With so many passionate developers and players, it's no wonder Montreal has a few gaming celebrations of its own. Montreal Joue, which comprises over 300 activities spanning over two weeks, is one of the most well-known. Around spring break, select game studios hold open houses and others invite interested students or developers-to-be for information sessions. Child-friendly live-action role-playing (LARPing) activities are planned all over the city, where players can fight it with styrofoam weapons while pretending to be famous characters. Many Montrealers also dress up to attend ComicCon, an annual convention where video games, comic books, and other pop culture products take centre stage.

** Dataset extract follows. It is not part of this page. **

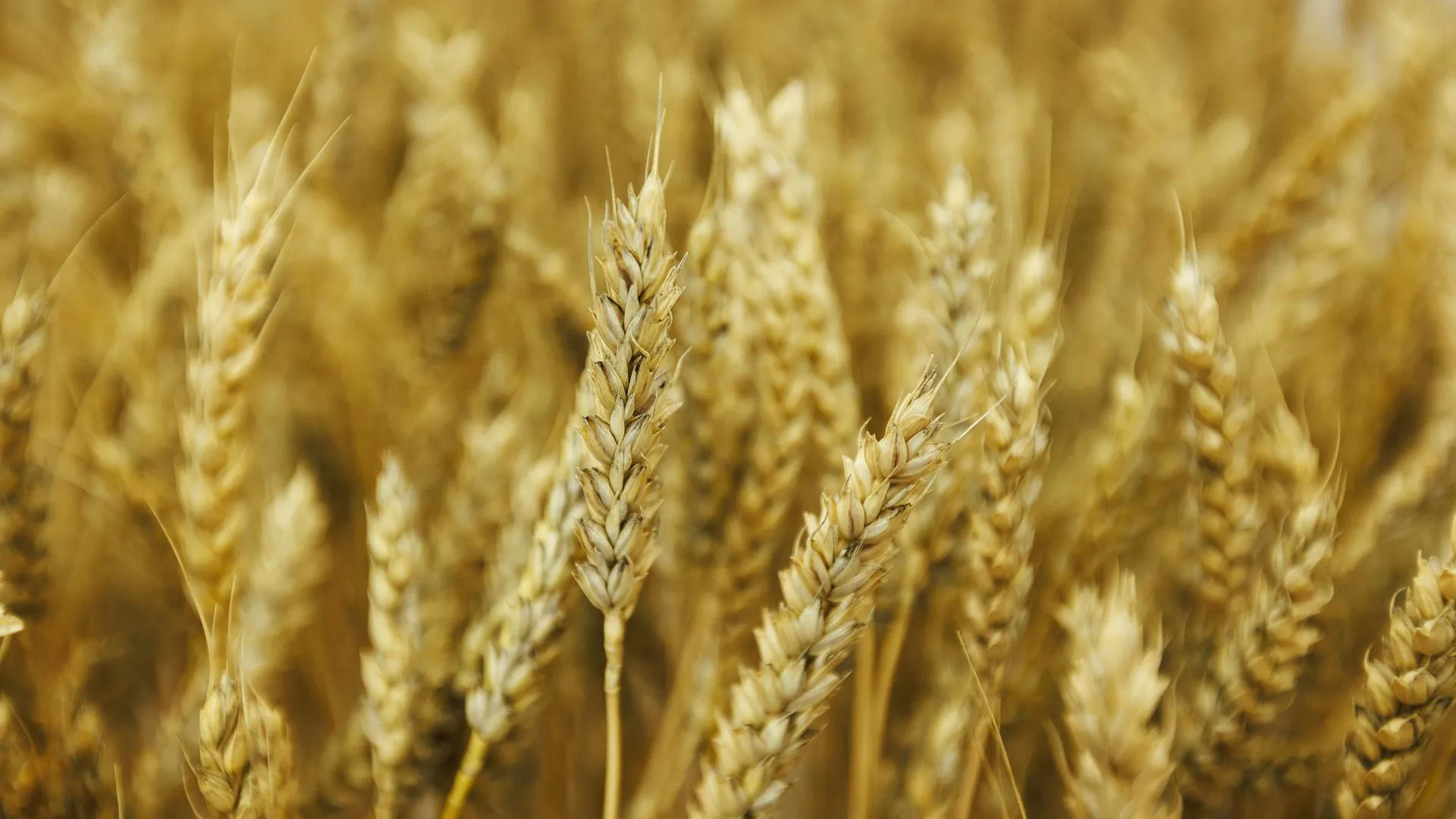 медиасток.рф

All in all, Montreal is a first-rate place to be to make games. Capable students come out of school excited to join large or small development teams, studios of all sizes can get government funding, and the city is a great fit for new Canadian residents. Plus, being based in Montreal ensures developers that they are in great proximity to everything game-related. Factor in the ripple effect of having more and more studios put down roots in Montreal, and it's hard to ask for a better milieu to bask in the greatness of video games.


Nice, very informative article! It covers a lot of information without being overwhelming. I'll definitely keep it around for reference.

I've always found it great that such a reputable game developer is based in Montreal. I also like the way you made Stéphane D'Astous's mugshot only take up half the page; my only suggestion is to add captions to the image, as well as to the other two images.